──────── DATA RECORDS

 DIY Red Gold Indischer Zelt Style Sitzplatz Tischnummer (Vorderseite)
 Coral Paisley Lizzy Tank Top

────────────────
──────── DATA RECORDS

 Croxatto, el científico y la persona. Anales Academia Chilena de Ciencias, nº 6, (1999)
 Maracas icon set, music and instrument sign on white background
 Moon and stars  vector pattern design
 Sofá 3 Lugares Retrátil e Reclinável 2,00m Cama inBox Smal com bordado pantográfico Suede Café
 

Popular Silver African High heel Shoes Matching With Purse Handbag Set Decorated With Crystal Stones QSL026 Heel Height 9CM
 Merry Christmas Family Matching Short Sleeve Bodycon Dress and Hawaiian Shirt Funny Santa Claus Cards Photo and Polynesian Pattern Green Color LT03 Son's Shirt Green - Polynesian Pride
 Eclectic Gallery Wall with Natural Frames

────────────────
──────── DATA RECORDS

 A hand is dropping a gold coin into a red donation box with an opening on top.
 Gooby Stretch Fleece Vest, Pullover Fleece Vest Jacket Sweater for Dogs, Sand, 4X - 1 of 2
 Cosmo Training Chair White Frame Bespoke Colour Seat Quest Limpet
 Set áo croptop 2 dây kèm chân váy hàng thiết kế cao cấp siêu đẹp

────────────────

→ REQUIRED ACTION
From the entries above, write out only the lines starting at the line that holds "Cosmo Training Chair" and ending at the line that holds "Set áo croptop", keeping both and matching them exactly.

→ SOLUTION TO THE PROBLEM
 Cosmo Training Chair White Frame Bespoke Colour Seat Quest Limpet
 Set áo croptop 2 dây kèm chân váy hàng thiết kế cao cấp siêu đẹp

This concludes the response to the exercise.